As you note, Jennifer, Thomas Friedman argues in his New York Times column today that Iraqis, in the wake of their liberation of Basra, Amara, and Sadr City from both Mahdi Army militiamen and pro-Iranian death squads, “now have their own narrative of self-liberation.” This, in turn, has created self-confidence and legitimacy for the Maliki government and the Iraqi military. And there is, I think, a lot to Friedman’s analysis–and, it should be pointed out, it is an insight that General Petraeus has long had. It is one of the pillars of his effort to create “sustainable security” for Iraq.

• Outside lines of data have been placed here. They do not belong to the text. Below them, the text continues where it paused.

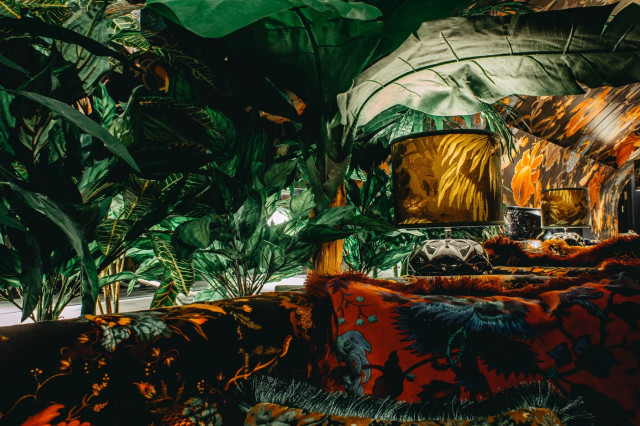 Sechser Bar Frühling Wien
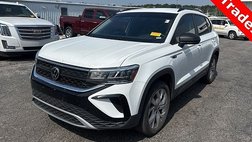 2023 Volkswagen Taos S 4Motion
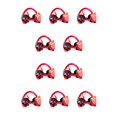 thumbnail image 3 of sweethay Collares para perros Pajaritas Decoraciones para mascotas ajustables Push-pull Cachorro floral Type1 NO1, 3 of 6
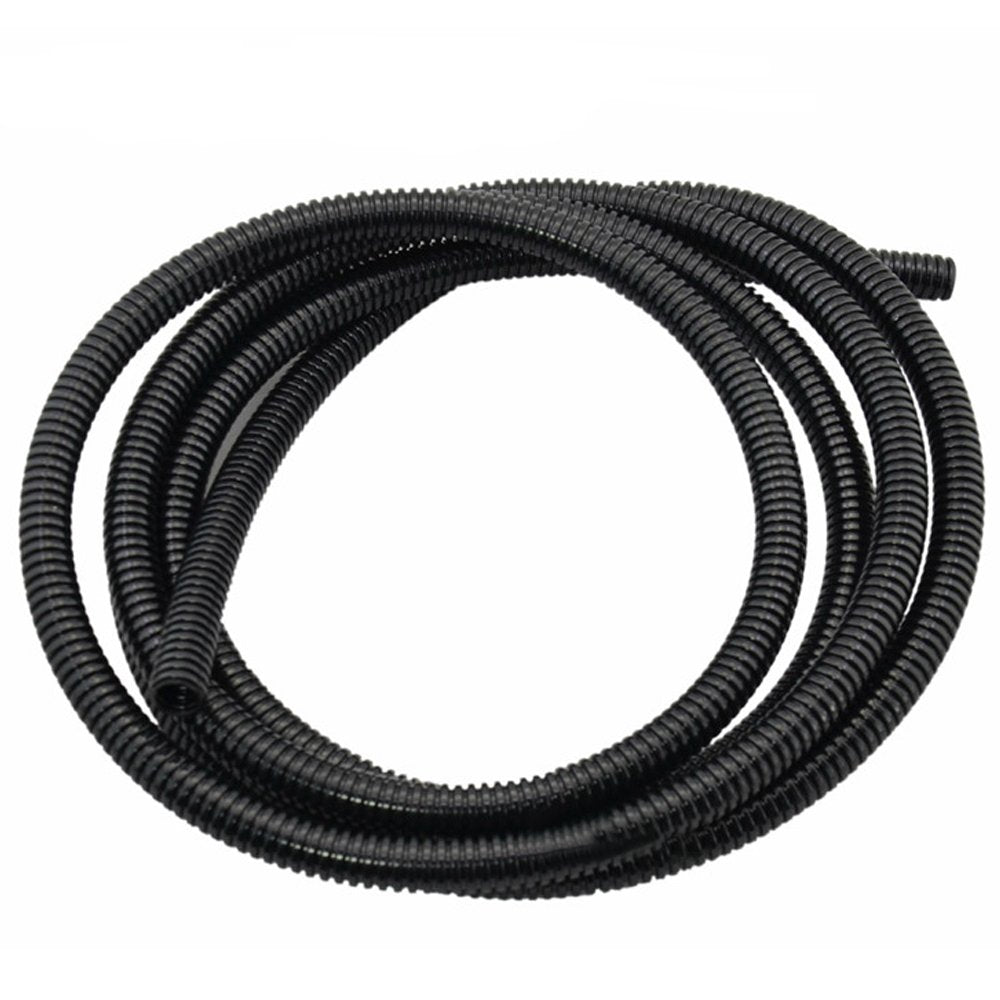 Esupport 18Mm 20 Feet Split Loom Wire Flexible Tubing Conduit Hose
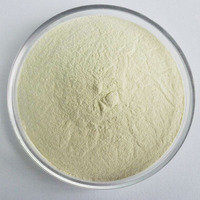 Gomme xanthane en gros, agent de suspension de gomme xanthane, gomme Hansheng pour épaississant alimentaire, stabilisateur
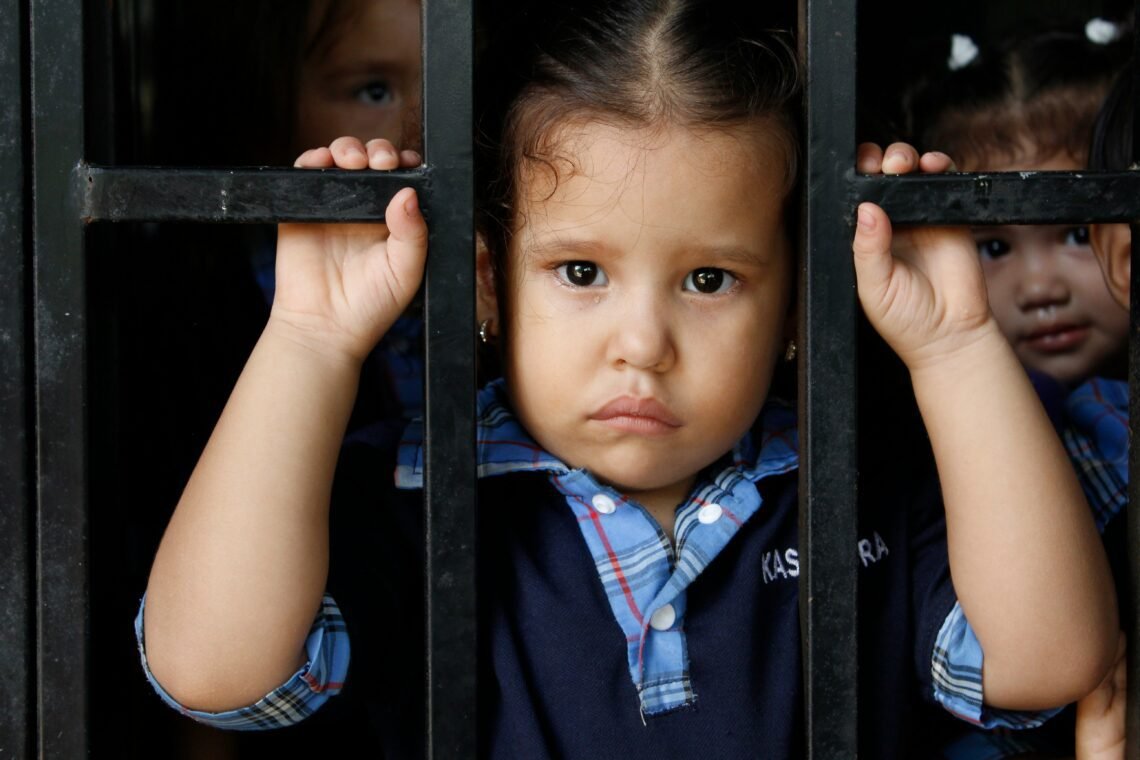 ICE Trailer Prisons: 6,000 Innocent Kids Locked Up by Trump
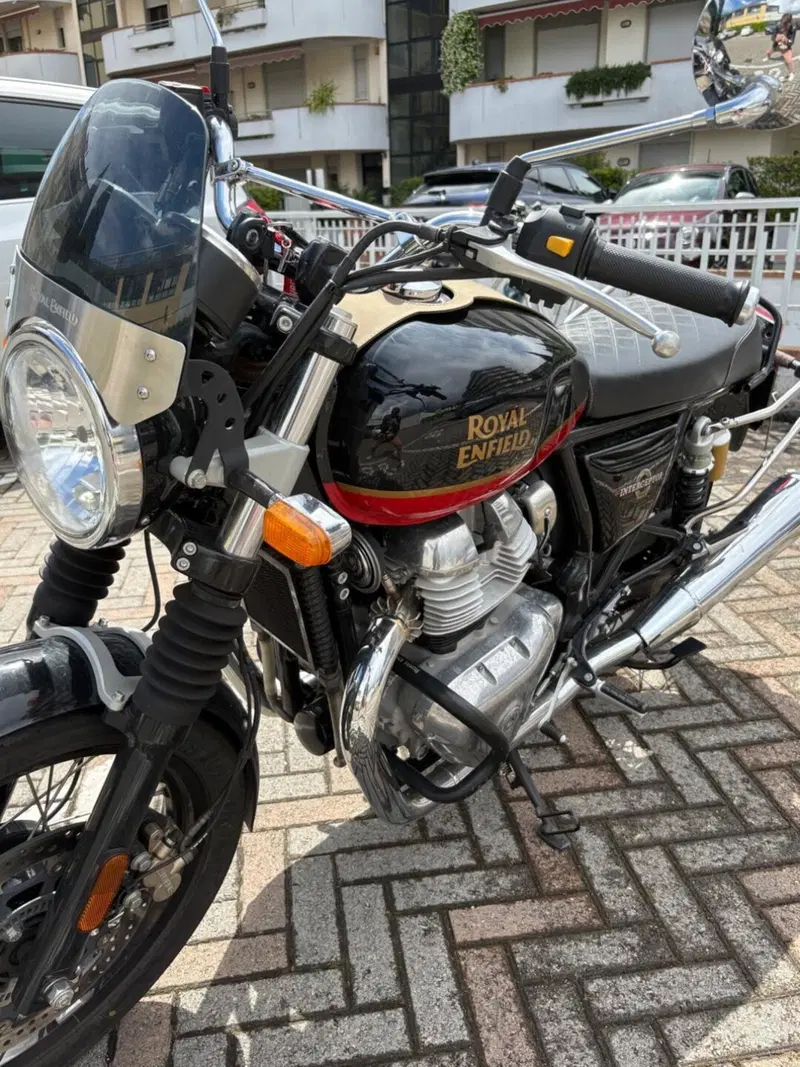 Royal Enfield Interceptor 650 (2021 - 26) (16)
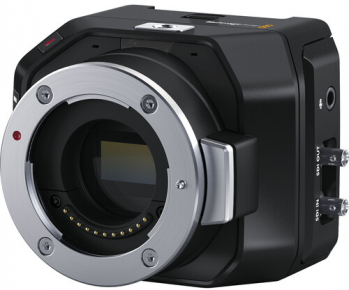 Blackmagic Micro Studio Camera 4K G2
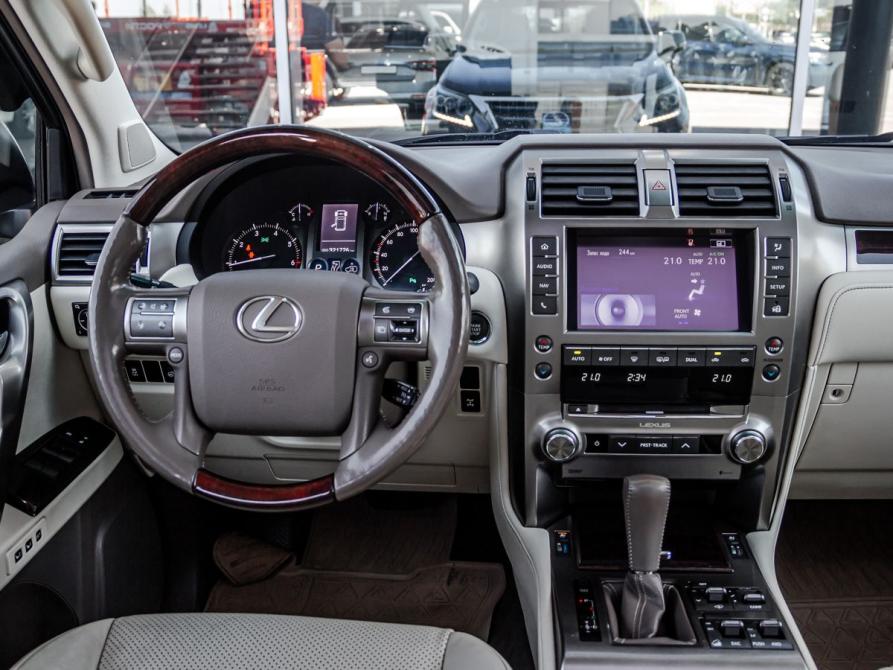 Lexus GX II Рестайлинг Магнитогорск  - изображение 15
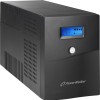 Powerwalker VI 3000 SCL UPS Line-Interactive 3000VA 1800W με 4 Schuko Πρίζες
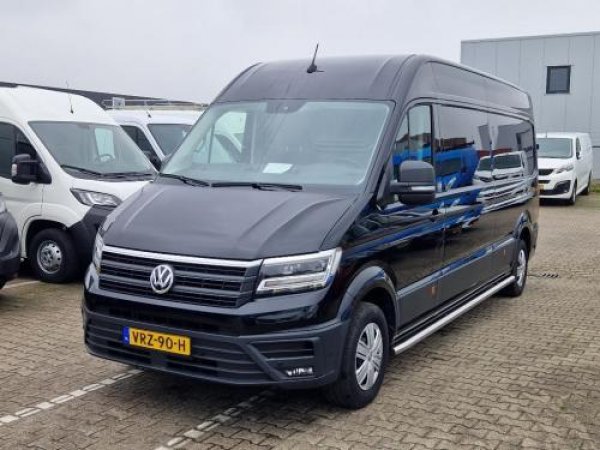 Foto van Volkswagen Crafter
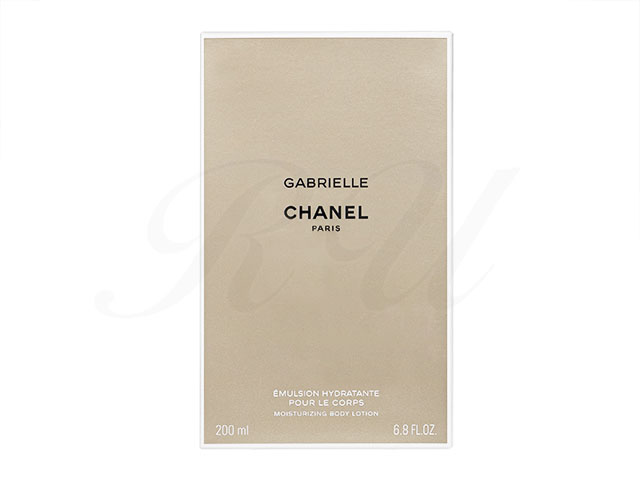 ガブリエルモイスチャライジングボディローション(Chanel)通販｜ボディ 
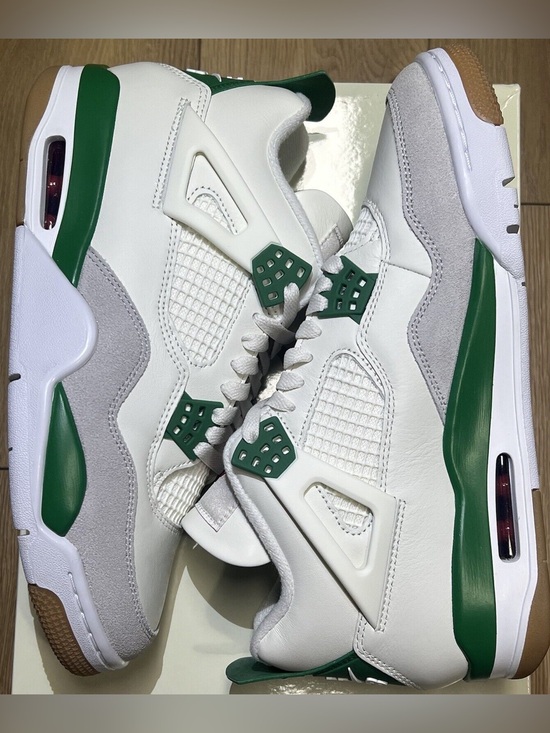 Jordan Other - 🎶 New - Air Jordan 4 Retro SP x Nike SB Pine Green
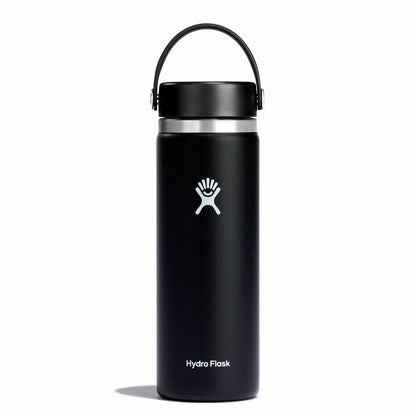 Hydro Flask 20 Oz Wide Mouth: 20 Oz Insulated Water Bottle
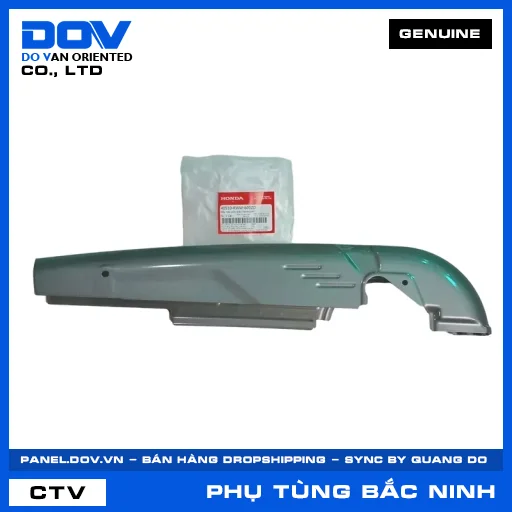 NẮP HỘP XÍCH TRÊN *NHA62M* (sên) BLADE 110, WAVE RSX 110 — 40510KWW600ZD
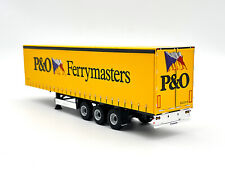 Krone curtainside trailer 3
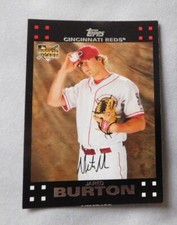 2007 Topps #441-660 Baseball Card Pick one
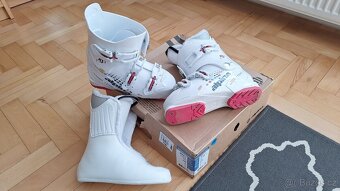 Dětské lyžařské boty Alpina 39 stélka 25,2cm - 5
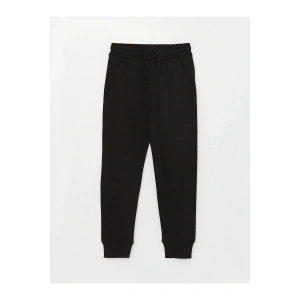 LW - Beli Lastikli Erkek Çocuk Jogger Eşofman Altı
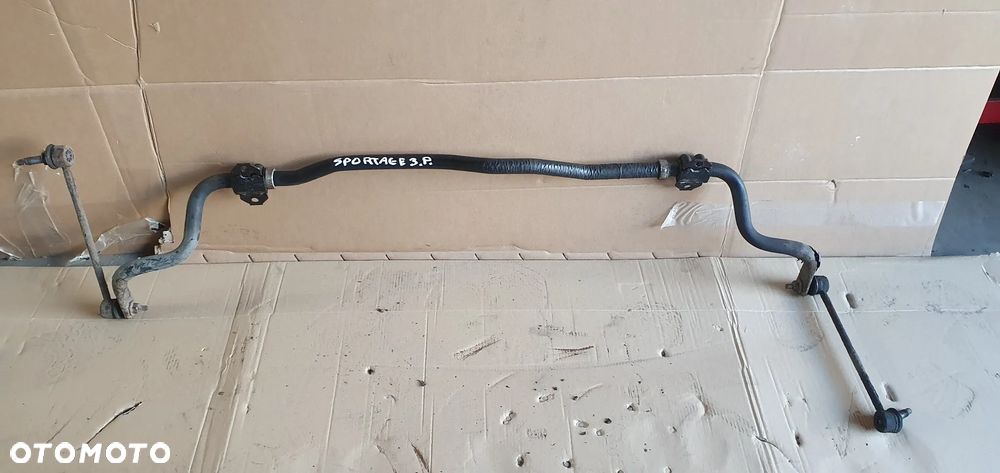 Drążek stabilizatora stabilizator przód Kia Sportage III - 5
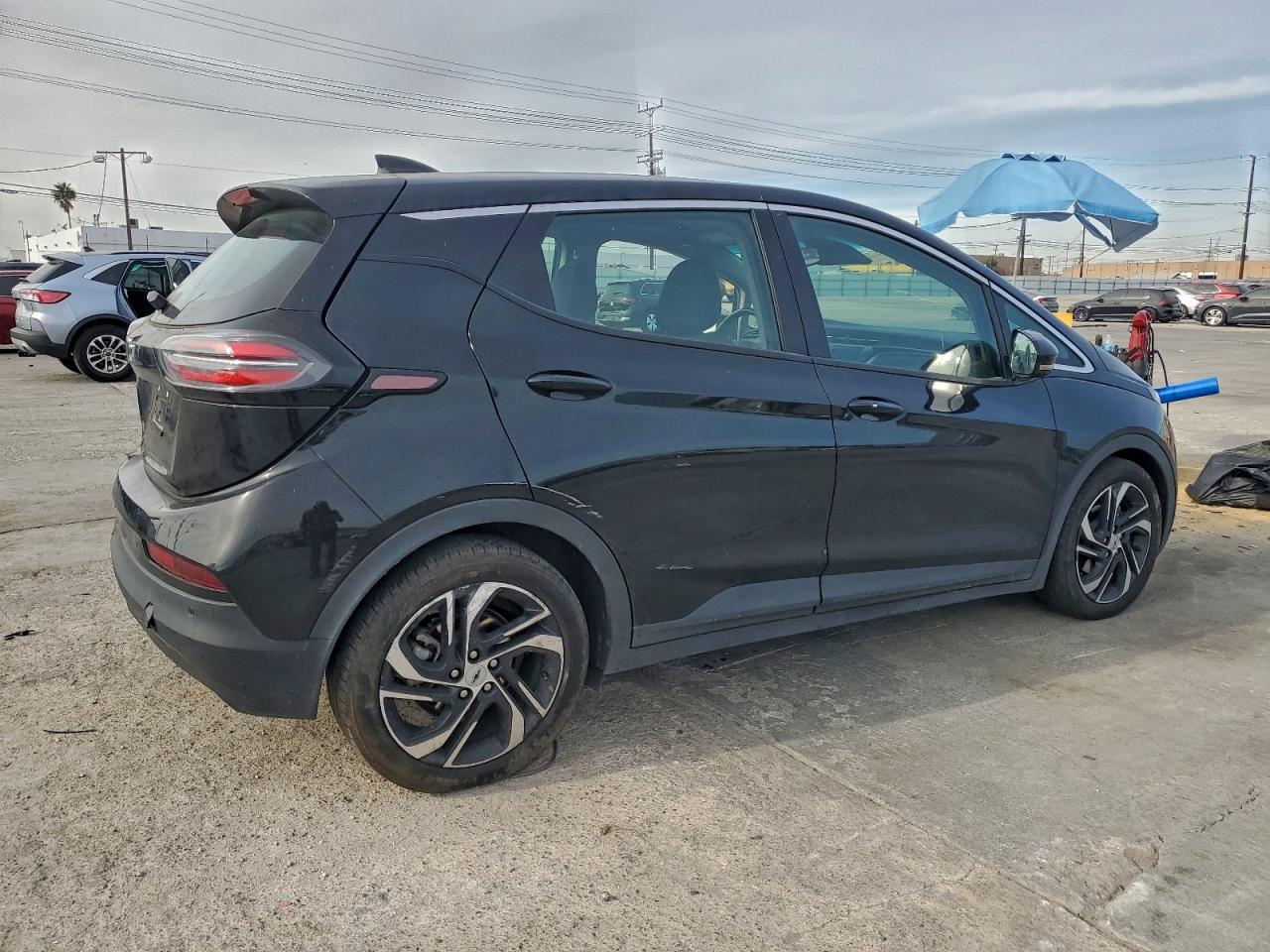 2023 CHEVROLET BOLT EV 1LT photo 5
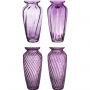 Ваза для цветов VICTORIA LAVENDER 28,5СМ 380-803 Ваза для цветов VICTORIA LAVENDER 28,5СМ 380-803
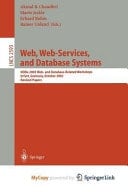 Web, Web-Services, and Database Systems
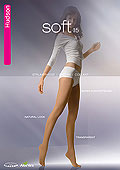 Hudson City Soft Tights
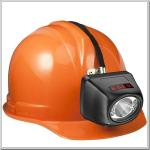 The Competitive Price KL4.5LM Cordless Digital Display Mine Cap Lamps
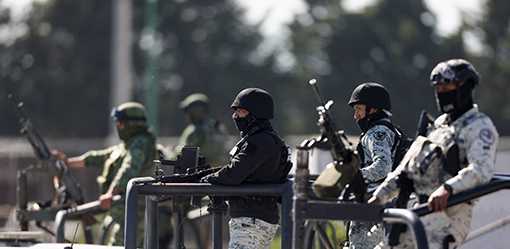 At least 29 killed in Mexico capture of Chapo's son; U.S. extradition not guaranteed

There is, though, a paragraph from Friedman’s column that I wanted to take issue with:

We may one day look back on this [the success in Basra, Sadr City, and Amara] as Iraq’s real war of liberation. The one we led five years ago didn’t count.

For one thing, American troops, as John Burns of the Times has pointed out, were greeted as liberators. The problem is that shortly after the fall of Baghdad in April 2003, those sentiments evaporated as violence and disorder and a rising insurgency began to engulf Iraq.

Second, Iraq’s “real war of liberation” would have been impossible without the first war of liberation. If Operation Iraqi Freedom had not commenced, Saddam Hussein–a genocidal tyrant and the most destabilizing figure in the Middle East– would still be in power. And, once he finally left the scene, his malevolent sons Uday and Qusay would have taken the reigns of power. No subsequent steps toward liberation could have occurred in Iraq without overthrowing Saddam.

Third, the presence of the U.S. military, particularly post-surge, has allowed the breathing space for the Iraqi Security Forces to be trained well enough (by us) to spearhead the efforts in Basra, Sadr City, and elsewhere.

The war five years ago in fact did count, and it counted for quite a lot. The liberation didn’t happen all at once, and we have incurred enormous costs in terms of blood and treasure. But what the United States did a half-decade ago was noble and generous. It was, in Fouad Ajami’s phrase, “the foreigner’s gift.” And now it appears as if the people of Iraqi–so acquainted with pain and cruelty, tears and the night–have accepted the gift. They now have a chance to build, with our help, what no other Arab nation can claim to be: a stable, peaceful, and liberated country. If America turns out to be the midwife of that new Iraq, then it will one day rank among our most benevolent acts.